Romain : De manière assez simple, on pourrait se dire que dans coach agile, il y a "coach". C'est à dire une personne généralement certifiée, qui peut se revendiquer d'être rattachée à une structure qui a déterminé les valeurs, l'éthique et le cadre déontologique d'une action de coaching. Un coach est souvent supervisé.
De nombreux coachs agiles ont suivi un cursus plus ou moins long de coaching, et d'autres non.

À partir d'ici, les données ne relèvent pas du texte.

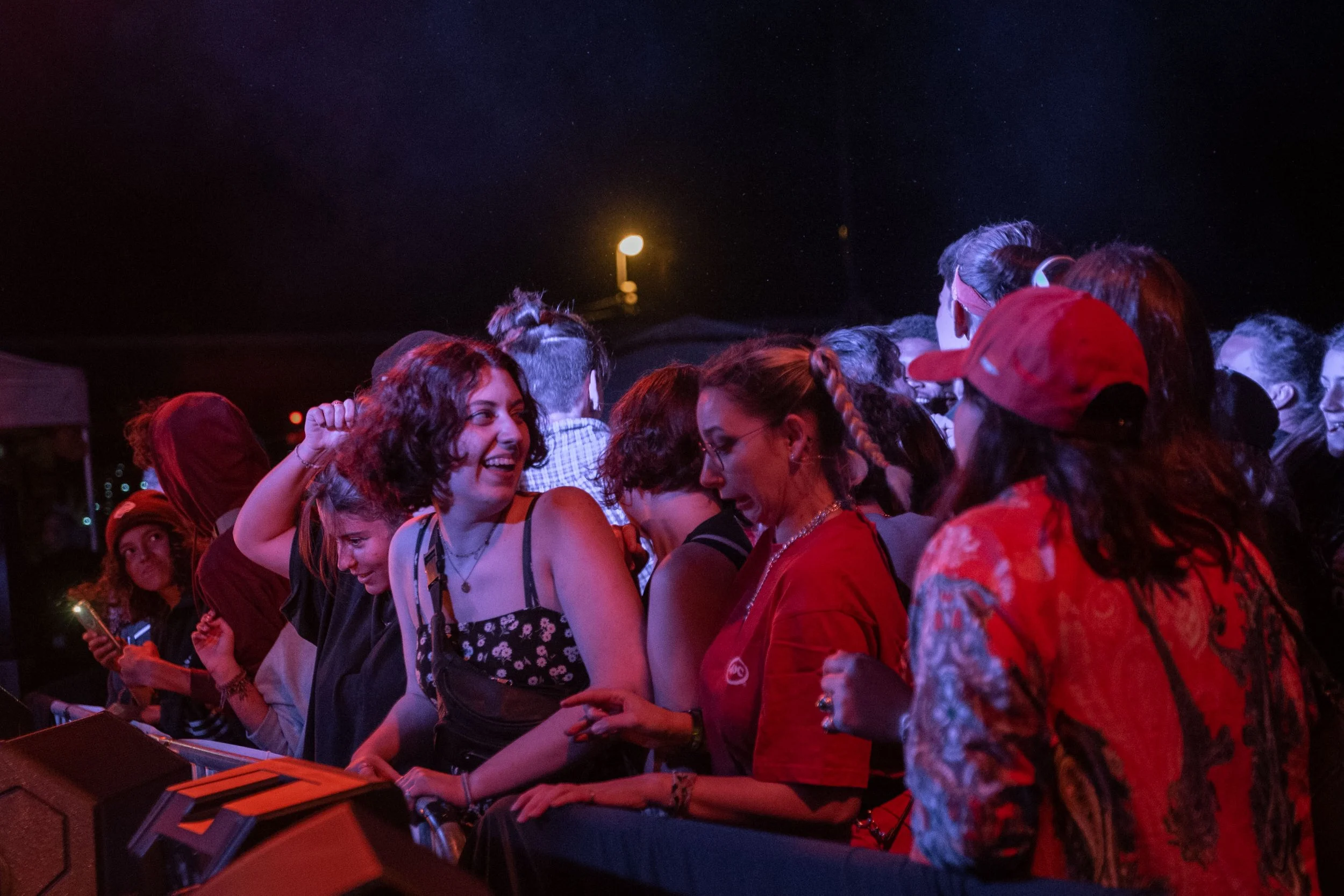 Arabella @ Festi'Street-22.JPG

Coach agile est aussi un terme qui a émergé dans la communauté d'Agilistes pour désigner un professionnel qui vous accompagne dans votre mise en place de l'Agilité. Bien souvent, un coach agile est auto-désigné (c'est ce que j'ai fait en 2009). C'est ce qui fait que nous sommes des centaines de coachs agiles sur le marché (faites une recherche LinkedIn, vous allez voir). Difficile après de s'y retrouver. Qu'est-ce qu'un bon coach agile ? Il n'y a toujours pas de définition. Chacun s'inspirera librement des différents coachs agiles, qui montrent et/ou donnent leurs travaux, pour établir leur propre style.
Personnellement, j'ai plaisir à voir mes homologues coachs agiles dont je partage les valeurs, ce sont généralement ceux présents dans la communauté, qui partagent, qui donnent. Une autre partie des coachs agiles est invisible, absente des communautés et des conférences. Et pourtant, ils sont sur le terrain dans les équipes. J'aimerais voir ces personnes nous partager leurs retours d'expérience, leurs trouvailles et qu'elles enrichissent la réflexion collective sur la maturation de l'Agilité.

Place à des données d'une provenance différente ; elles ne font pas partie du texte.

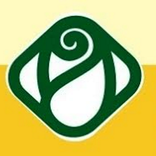 Akshara International School - Wakad, Pune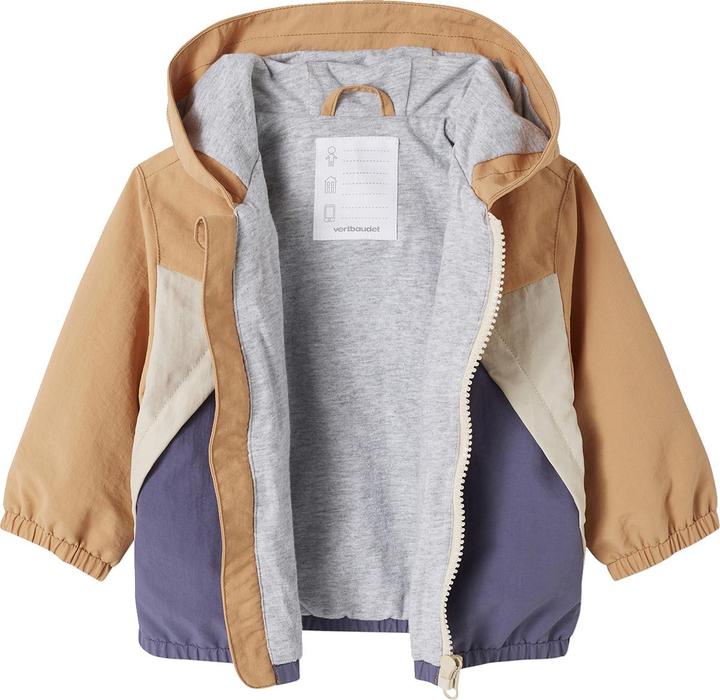 Produktbild Vertbaudet Anorak (98)
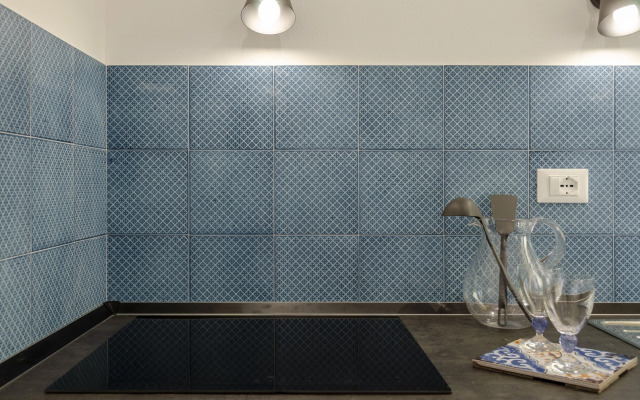 Affittacamere Tonino Basso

InfoQ FR : Si nos lecteurs veulent se lancer, par où leur conseilleriez-vous de commencer ?
Romain : C'est une question que j'ai souvent reçue. Je recommande d'abord d'aller voir ce qui se passe dans les associations agiles locales qui sont très actives et qui animent leur communauté. Ce sont les meilleurs espaces pour découvrir de nouveaux sujets, rencontrer d'autres professionnels et partager ses réflexions.

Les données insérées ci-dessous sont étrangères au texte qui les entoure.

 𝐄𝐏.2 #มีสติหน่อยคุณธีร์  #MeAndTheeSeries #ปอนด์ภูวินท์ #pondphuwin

Pour celles et ceux qui souhaitent un peu de lecture, ils sont chanceux car la littérature fleurit chaque jour un peu plus sur l'Agilité. Difficile de s'y retrouver entre les livres, les blogs, les tweets, les conférences, etc. Du coup j'ai écris un article qui tente d'y répondre : Les 8 ressources indispensables pour se lancer dans l'Agilité.
InfoQ FR : Quelles sont les tendances qui vous ont étonné récemment et que vous pourriez partager avec nos lecteurs ?
Romain : Il y a eu tout cette vague sur l'Entreprise Libérée dont la plus belle synthèse est le reportage "Le bonheur au travail". Aujourd'hui, les retours d'expérience ne sont pas tous aussi idylliques, mais cette idée qu'il est possible de prendre du plaisir à produire mieux, ensemble et en moins de temps est là et c'est possible. C'est une aspiration que je vois quasiment partout, qui donne envie. L'Agilité est une des réponses qui permet d'y parvenir. Cela demande des efforts et de la discipline de la part de chacun (écoute, tolérance, empathie, courage, etc.) pour en tirer tous les bénéfices.
C'est drôle car presque en même temps, le thème de l'Agilité à grande échelle a émergé. J'avoue ne pas avoir compris l'engouement pour toutes ces usines à gaz méthodologiques (SAFE, LeSS, et consort) mais je suis aussi peu concerné car je suis très peu confronté à ces "grands" environnements. J'ai l'impression que beaucoup d'organisations brûlent les étapes : elles voient grand sans avoir démontré qu'elles savent faire à petite échelle.
Récemment, je me suis ré-émerveillé de tous les jeux, simulations qui sortent en permanence et qui nous aident pour mieux apprendre, comprendre et partager autour de sujets complexes. Je vous renvoie vers le Wiki d'Agile Game France qui est un vivier incroyable d'ateliers et de jeux à partager entre équipiers (entre amis ou en famille ça marche aussi :-)).
Enfin, je terminerai avec une mention spéciale pour tous les traducteurs français qui sont des contributeurs incroyables qui donnent énormément. Je les remercie pour toute leur énergie et leurs travaux, Fabrice Aimetti et le wiki Ayeba, les traducteurs agiles, Franck Depierre + tous ceux que j'oublie, etc.